After a tough couple of years the Lynn Valley Legion is returning to its roots and focusing on remembering Canada’s veterans this Nov. 11 with poppy tagging and a ceremony at Lynn Valley’s Veterans’ Plaza followed by a community open house.
“We are a service organization,” says Royal Canadian Legion Branch 114 President Diana Saboe. “Each year we give $100,000 back to the community. We are the Guardians of Remembrance. Even when the bar was closed we were open as a service organization. We still did our poppy tagging and raised about $60,000.”
Saboe is referring to the past 18 months or so that saw the Legion closed by its provincial oversight, a legal challenge, and the dismissal of many members. It reopened in April with a board appointed by the BC-Yukon Command and has been working towards this November 11th ever since.
“We need the legion because we remember,” says Saboe. “We are the only organization that holds and organizes Remembrance Day ceremonies. Having a legion in each community – Lynn Valley, Lonsdale, West Van – is important because there are veterans in each community and they have different needs.”
This busy time is energizing the legion membership, whose core volunteers are diligently donating hours upon hours.
“Lest we forget – We remember them – our two slogans are important to teach to our youth and those younger because of the the sacrifices that were made allow them to have the freedoms we have today,” says Saboe.
Passing this on has become more challenging as the schools and teachers have increasing pressure from more places placed upon them, says Saboe. They legions organizes poppies for North Vancouver public and private schools.
“Most the highs schools ask if there is a veteran who can speak or attend their service,” says Saboe. “It is a matter of getting people to drive the veterans.
“There are a handful of us running Remembrance Day for the last couple of years – it feels like we are doing the work of 10 to 12 people each,” says Saboe. “It can get a bit daunting but we are dedicated to this.”
The Lynn Valley community can help at the legion in many ways this time of year. There are organizational details to look after for the November 11 ceremony, potluck food can be donated for the post-ceremony open house at the legion and, of course, there is the poppy campaign – or Poppy Tagging as the legion calls it.

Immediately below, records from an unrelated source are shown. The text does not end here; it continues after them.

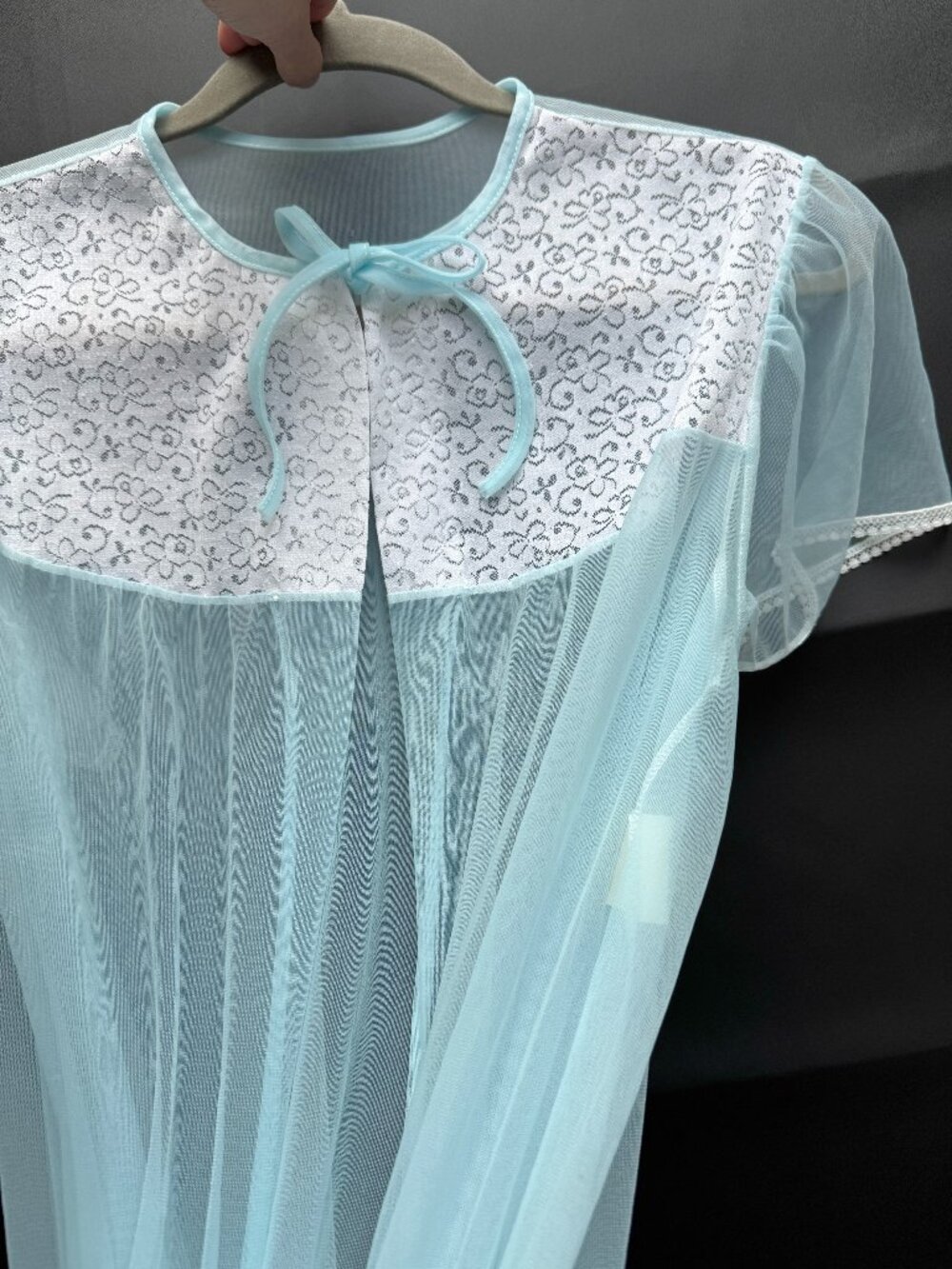 Powder Blue Sheer Robe Vintage Peignoir Large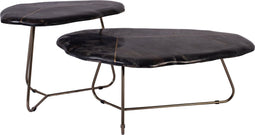 PTMD Patly Salontafel - 90 x 60 x 35 cm - Hout - Zwart - Set van 2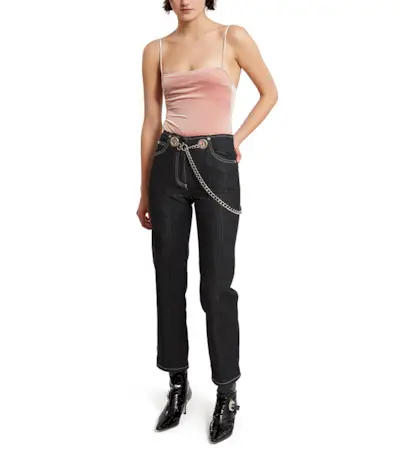 Miaou + Tommy Metal Chain Link Belt Jeans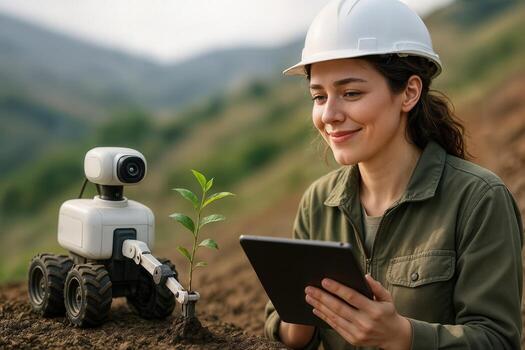 un robot plantando arboles al aire libre con un mujer observando y utilizando un tableta, capturar un escena de moderno ambiental tecnología en acción durante luz foto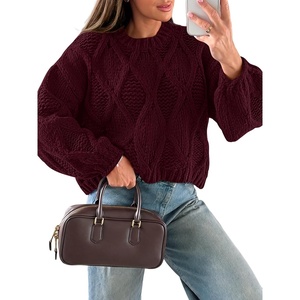 image:imageANRABESS Womens Cable Knit Chunky Cropped Sweaters Long Sleeve Fall OutfitsBurgundy
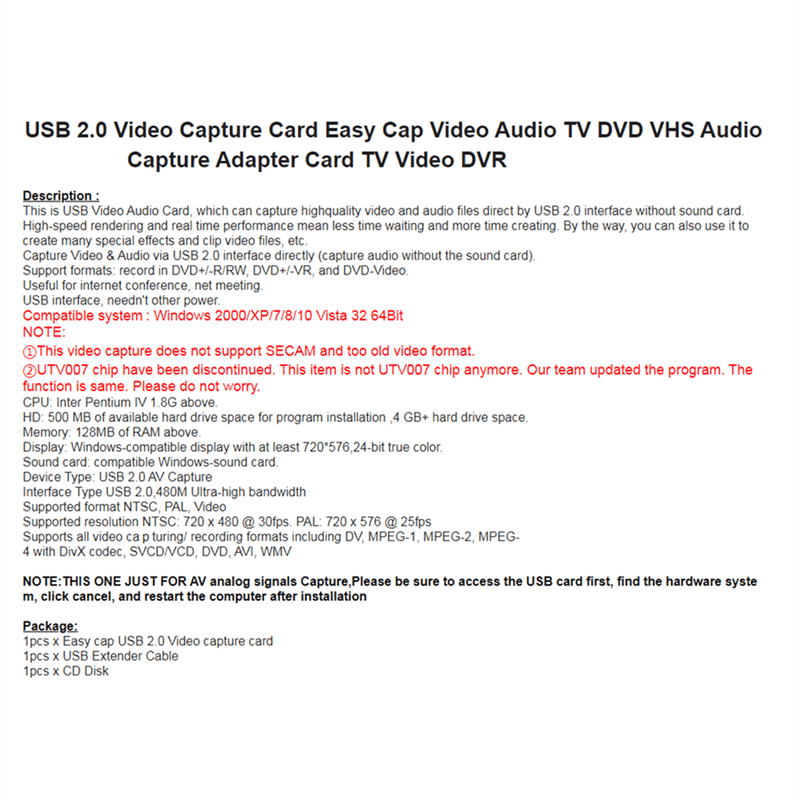 Carte d'acquisition audio et vidéo usb 2.0, convertisseur de VHS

Numbers of legion volunteers are down this year, but it still has its goals to hand out as many poppies as possible and collect donations. Lynn Valley community members can step up to help by visiting the legion – 1630 Lynn Valley Road – any day until November 11, between 10 am and 8 pm to volunteer. Poppy taggers will be given a tray, a short briefing and assigned a location in Lynn Valley. The work is flexible for whatever time the volunteer has. Locals are also encouraged to pick up a poppy tray to take to their workplace.
“We want to give out as many poppies as we can to spread that awareness,” says Saboe. “We never turn someone away because they don’t have a donation. The goal is to remember.”
The legion would also like to invite people to visit their hall. The space is open to all – including children and can be used as meeting space for groups or a place for friends to gather. The legion has a goal to add more family activities in the coming year. The money raised through the bar, poppies and other activities supports veterans needs and is also donated back to the community to Lynn Valley groups like Argyle Secondary and Mollie Nye House, says Saboe.
Lynn Valley’s November 11 will have a full ceremony with a choir, colour party, bugler and speeches. It will take place at Veterans’ Plaza – behind the Archives building between Lynn Valley Elementary and Parent Participation Preschool, 3205 Institute Road at 10:30 am.
There will also be a ceremony at 10:30 at the Victoria Park Cenotaph off of Lonsdale Ave.